The comprehensive simulations take into account the impacts of atmospheric and ocean warming on the Antarctic ice as well as feedback mechanisms that might speed up ice discharge and melting processes. Moreover, they consider phenomena like enhanced snowfall due to global warming that might offset some part of the ice loss. Even though major modeling challenges remain, like imperfect datasets of Antarctic bedrock topography, the simulations are particularly well suited for the long-term projections of the continental-scale evolution of the ice sheet. “It is much easier to predict that an ice cube in a warming room is going to melt eventually than it is to say precisely how quickly it will vanish,” Winkelmann says.
Currently, Antarctica contributes less than 10 percent to global sea-level rise and hence is a minor contributor compared to the thermal expansion of the warming oceans and to the influx from melting mountain glaciers. However, Greenland and especially Antarctica with their huge ice volumes are expected to be the major contributors to long-term future sea-level rise. “Our results show that the currently attainable carbon resources are sufficient to eliminate the Antarctic ice sheet and that major coastal cities are threatened at much lower amounts of cumulative emissions,” Winkelmann says. “In a world beyond two degrees, long-term sea-level rise would likely be dominated by ice loss from Antarctica.”

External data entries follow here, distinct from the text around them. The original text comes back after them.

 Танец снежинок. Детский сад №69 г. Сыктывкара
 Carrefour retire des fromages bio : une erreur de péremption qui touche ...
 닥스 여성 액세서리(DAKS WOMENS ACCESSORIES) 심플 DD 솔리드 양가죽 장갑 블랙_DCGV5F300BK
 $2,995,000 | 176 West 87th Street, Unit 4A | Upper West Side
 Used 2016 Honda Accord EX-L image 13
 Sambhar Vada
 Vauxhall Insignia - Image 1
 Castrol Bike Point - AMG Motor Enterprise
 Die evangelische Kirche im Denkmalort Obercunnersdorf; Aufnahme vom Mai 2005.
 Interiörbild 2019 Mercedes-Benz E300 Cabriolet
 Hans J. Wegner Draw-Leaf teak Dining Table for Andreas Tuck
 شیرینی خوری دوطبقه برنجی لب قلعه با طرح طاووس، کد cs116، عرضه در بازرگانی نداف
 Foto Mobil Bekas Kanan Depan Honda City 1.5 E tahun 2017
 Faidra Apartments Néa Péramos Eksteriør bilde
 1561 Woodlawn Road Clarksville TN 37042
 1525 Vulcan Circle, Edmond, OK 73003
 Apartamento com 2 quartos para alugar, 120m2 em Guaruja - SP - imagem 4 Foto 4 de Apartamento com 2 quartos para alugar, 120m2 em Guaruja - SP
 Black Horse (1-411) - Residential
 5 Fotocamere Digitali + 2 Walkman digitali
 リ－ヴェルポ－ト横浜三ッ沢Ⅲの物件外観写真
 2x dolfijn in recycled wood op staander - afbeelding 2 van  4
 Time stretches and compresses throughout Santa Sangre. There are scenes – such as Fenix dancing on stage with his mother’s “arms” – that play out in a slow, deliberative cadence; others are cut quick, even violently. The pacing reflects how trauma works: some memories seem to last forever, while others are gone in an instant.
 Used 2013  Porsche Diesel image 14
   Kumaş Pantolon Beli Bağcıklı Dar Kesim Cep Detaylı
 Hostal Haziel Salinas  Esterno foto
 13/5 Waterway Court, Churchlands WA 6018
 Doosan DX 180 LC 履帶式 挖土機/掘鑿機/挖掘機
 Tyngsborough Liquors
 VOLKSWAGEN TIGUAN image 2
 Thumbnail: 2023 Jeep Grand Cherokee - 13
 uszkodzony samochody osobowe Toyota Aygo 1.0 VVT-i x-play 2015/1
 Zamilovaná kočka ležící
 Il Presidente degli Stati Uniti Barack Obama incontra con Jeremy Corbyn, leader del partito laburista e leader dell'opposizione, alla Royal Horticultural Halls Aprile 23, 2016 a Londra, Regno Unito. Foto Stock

Article: Winkelmann, R., Levermann, A., Ridgwell, K., Caldeira, K. (2015): Combustion of available fossil-fuel resources sufficient to eliminate the Antarctic Ice Sheet. Science Advances
Link to the article: http://advances.sciencemag.org/content/1/8/e1500589
Let’s cut to the chase. It’s not about rising waters but all about ‘leaving it in the ground’ and supplying ourselves via “renewables” you see. Bill Gates explained in a Financial Times interview why current renewables are dead-end technologies. They are unreliable. Battery storage is inadequate. Wind and solar output depends on the weather. The cost of decarbonisation using today’s technology is “beyond astronomical,” he said.
After seven years of investigation, Google engineers came to a similar conclusion last year. They found no way to get the cost of renewables competitive with coal. “Unfortunately,” they reported, “most of today’s clean generation sources can’t provide power that is both distributed and dispatchable” (electricity that can be ramped up and down quickly). “Solar panels, for example, can be put on every rooftop, but can’t provide power if the sun isn’t shining.”
But what do Gates and Google know? Who has ever heard of them? Not Potsdam.
Potsdam knows water; having made so many belly flops, they should be experts by now. The Narcissist in Chief himself signalled the problem solved in his nomination victory speech in St. Paul, Minnesota on June 3, 2008 when he modestly stated that “this was the moment when the rise of the oceans began to slow and our planet began to heal.” Problem solved.
Potsdam’s latest model arrives somewhat late and highly suspect in view of an IPCC report stating 111 out of 114 of their own previous models were wrong. Oh dear.
Potsdam’s true expertise lies in wildly overusing words such as “assuming” or “if.” Don’t you just love science?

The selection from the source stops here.